In this week’s Above the Tearline, we are going to look at an incident that appears to be a Mexican cartel-related murder in Texas. Last Monday, in the Houston area, several undercover officers from a High Intensity Drug Trafficking Areas Task Force (known as a HIDTA) were following a tractor-trailer from south Texas transporting drugs in an undercover operation. Four suspects ambushed the truck, firing shoulder weapons, shooting and wounding a task force police officer and killing the driver, who media have identified as an undercover government informant.

The true motive for the attack is unclear. There has been speculation in the media that the suspects attacked the truck to steal the marijuana, with others speculating the real target was the undercover informant.

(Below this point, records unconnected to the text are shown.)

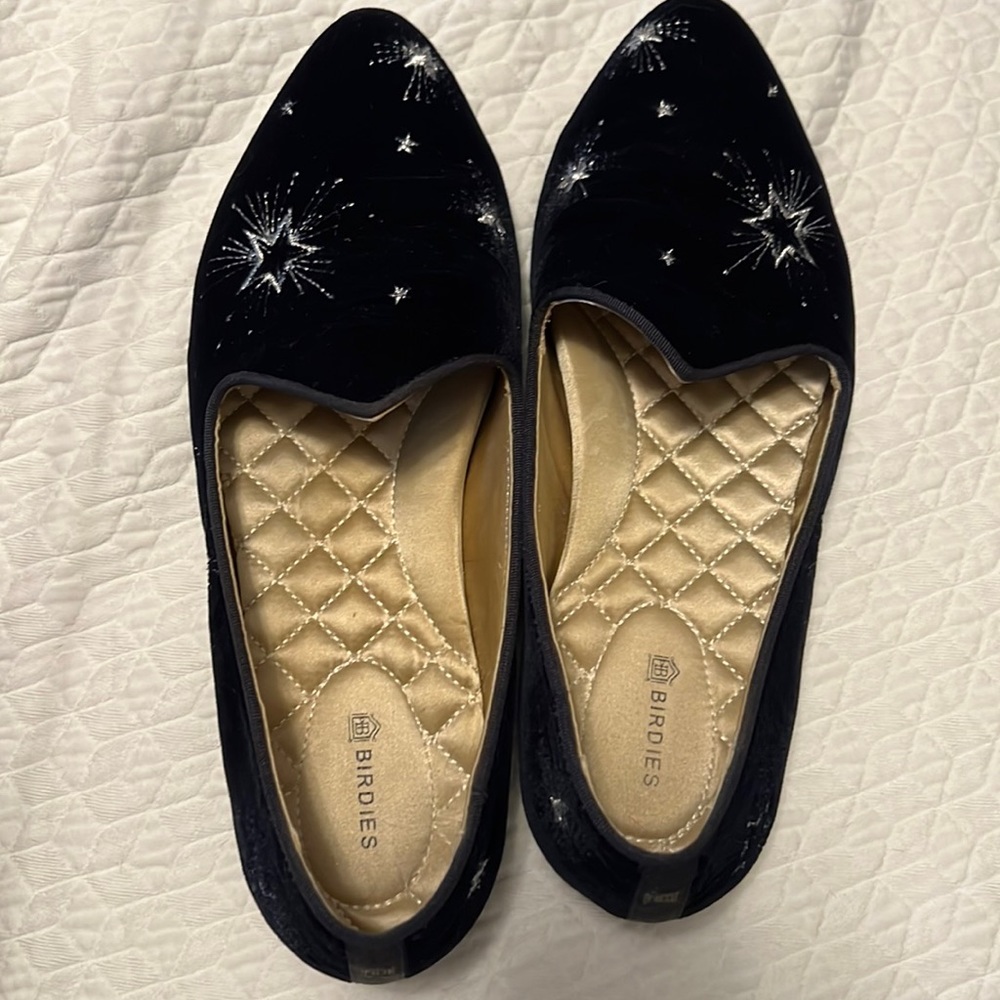 Birdies Black velvet smoking slipper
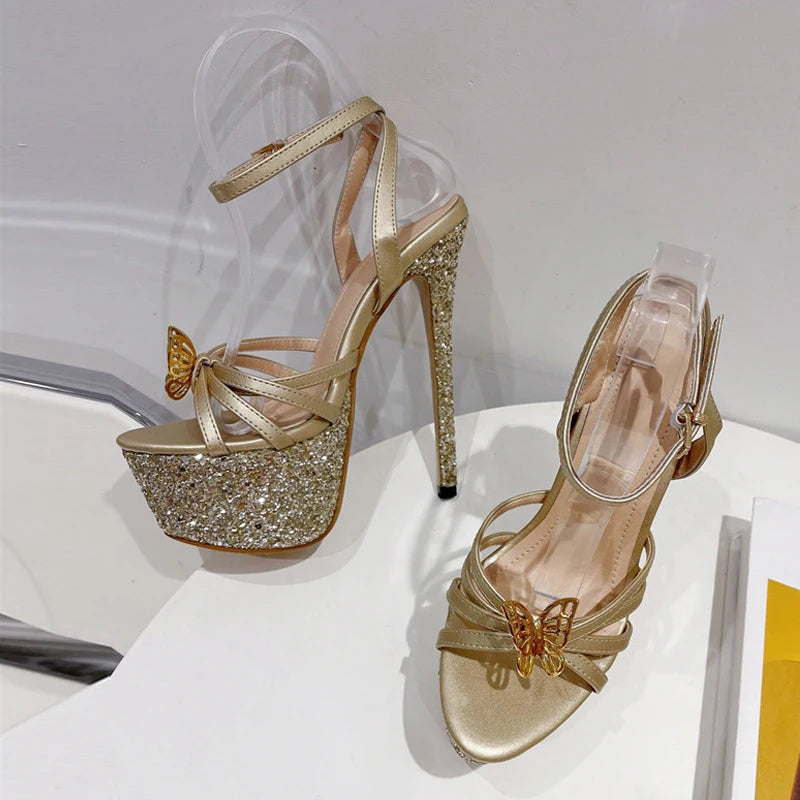 Runway Style Glitter Sequined Platform Super High Heel Party Wedding Banquet Shoes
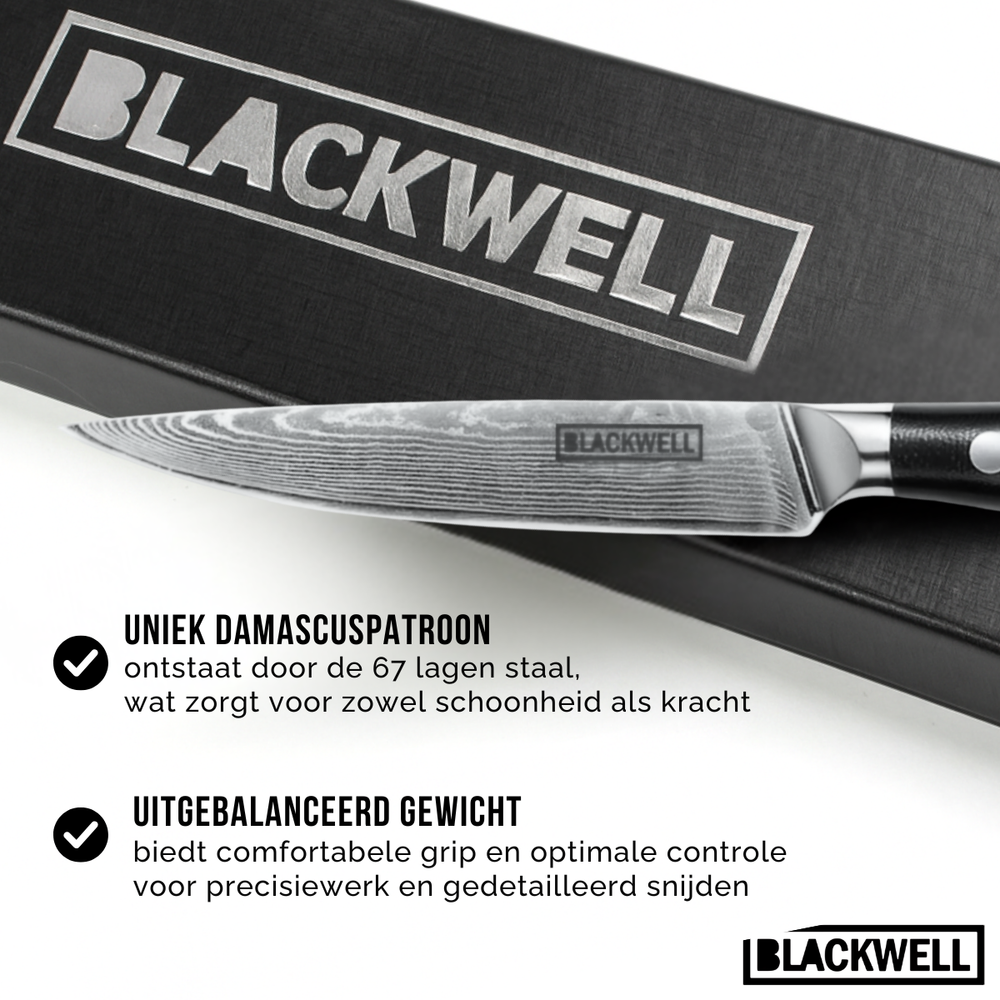 Blackwell Messenset (Koksmes + Groentemes + Officemes) - Japanse stijl - 67 lagen damaststaal - VG10 - 3-delig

It is unknown if the shooters were aware that undercover police officers were surveilling the drug load. We have heard through our law enforcement contacts the suspects may be linked to the violent Zeta cartel organization. The brazen nature of the ambush certainly fits their m.o., but killing government informants in the U.S. is something the cartels have typically tried to avoid. The pressure the feds can place on the cartels disrupts their supply chain and causes the cartels to lose money.

The DEA has taken the lead investigative role, which is a positive step, assisted by the Houston Police Department Homicide Division and the local sheriff’s department. However, behind the scenes, other state and federal agencies are also assisting the DEA, to include the Texas DPS, ATF and the FBI. Three of the four suspects are allegedly Mexican nationals, so the State Department and ICE will interface with our Mexican counterparts, and an investigation will be conducted in Mexico to determine if the suspects are connected to a drug trafficking organization. At the national level, traces will also be conducted on the suspects through the entire U.S. intelligence community. As you can see, a lot is taking place behind the scenes.

What is the Above the Tearline aspect of this video? The DEA needs to determine whether or not a cartel source sold out the details of the undercover operation to the bad guys. If so, the internal leak needs to be found before other drug operations are jeopardized.